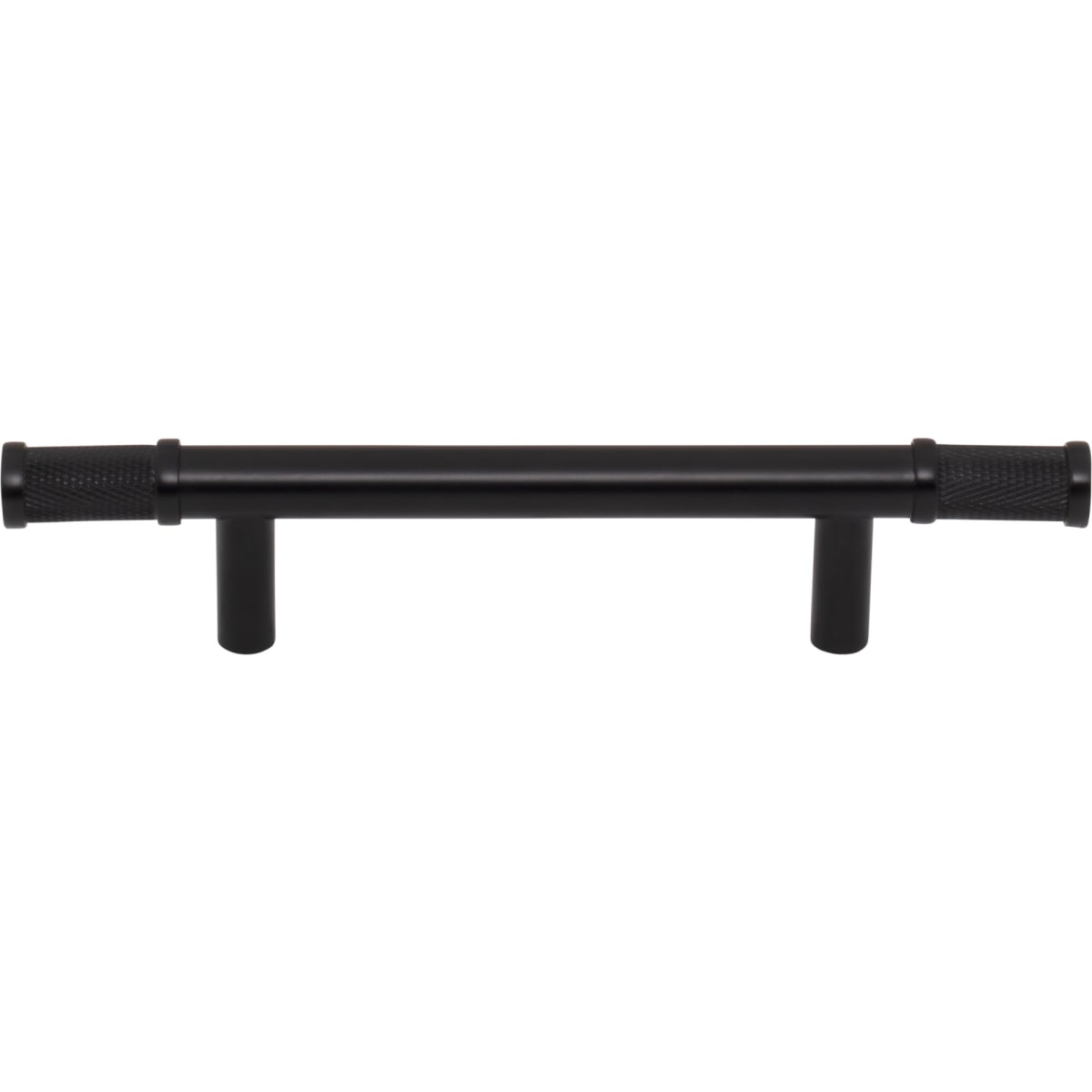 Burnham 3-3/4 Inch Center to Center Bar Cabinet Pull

...

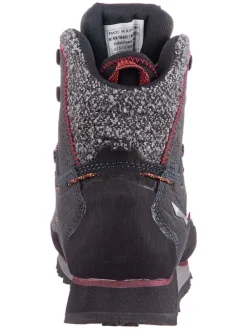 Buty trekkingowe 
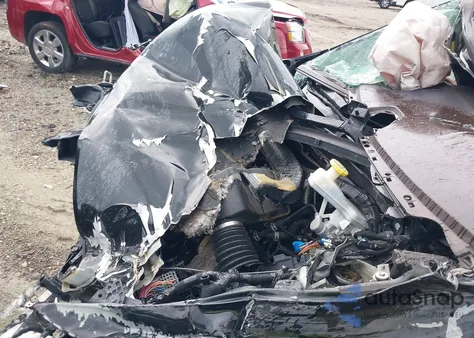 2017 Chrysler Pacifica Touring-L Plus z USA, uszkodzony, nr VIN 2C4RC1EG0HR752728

* * *

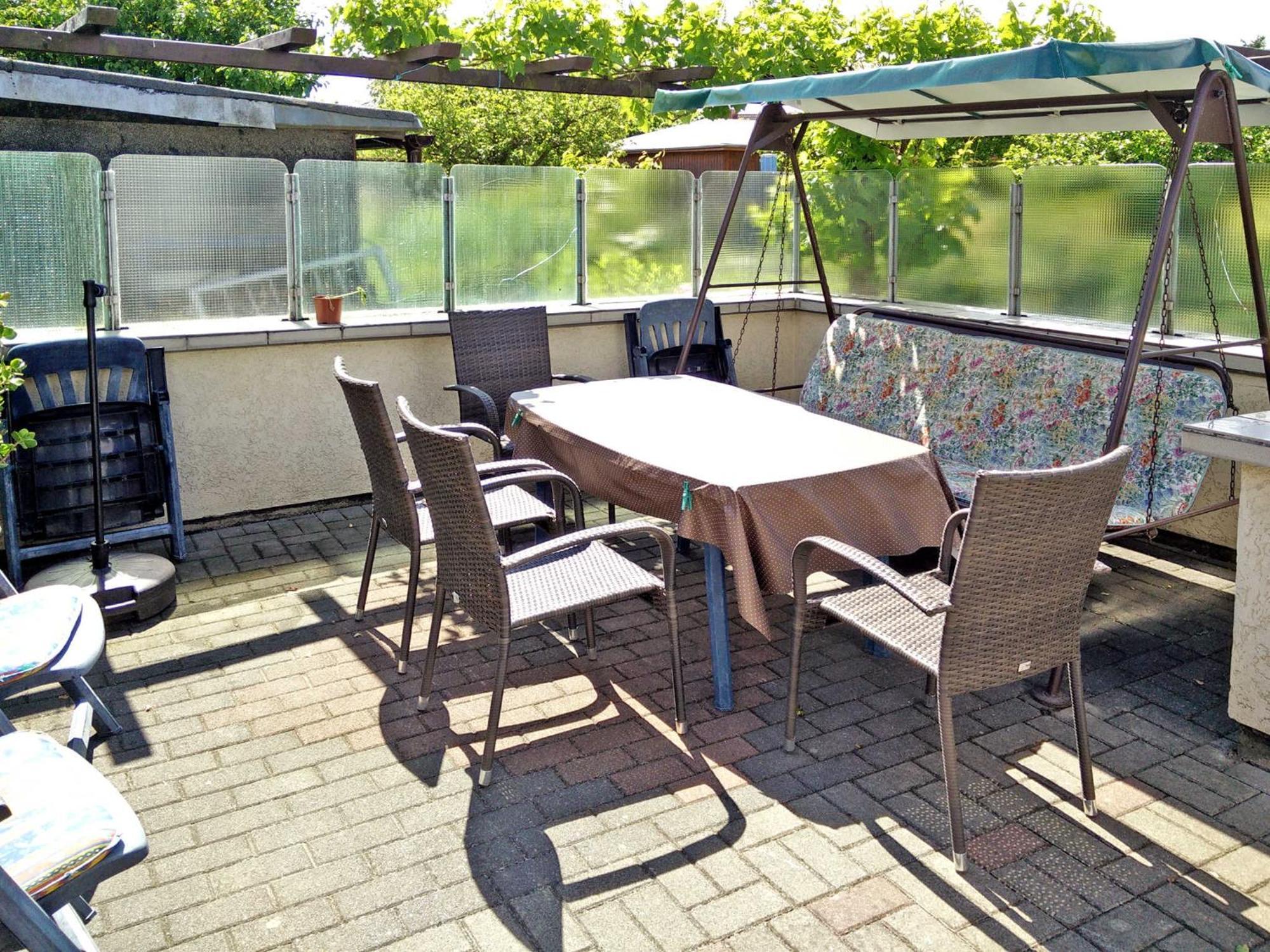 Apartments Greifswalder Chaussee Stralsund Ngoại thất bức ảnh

*Goal of the exercise*
In the records above, find the line with "Buty trekkingowe". Print exactly from there through the line with "2017 Chrysler Pacifica", minus the pictures.

*Expected output*
 Buty trekkingowe 
 2017 Chrysler Pacifica Touring-L Plus z USA, uszkodzony, nr VIN 2C4RC1EG0HR752728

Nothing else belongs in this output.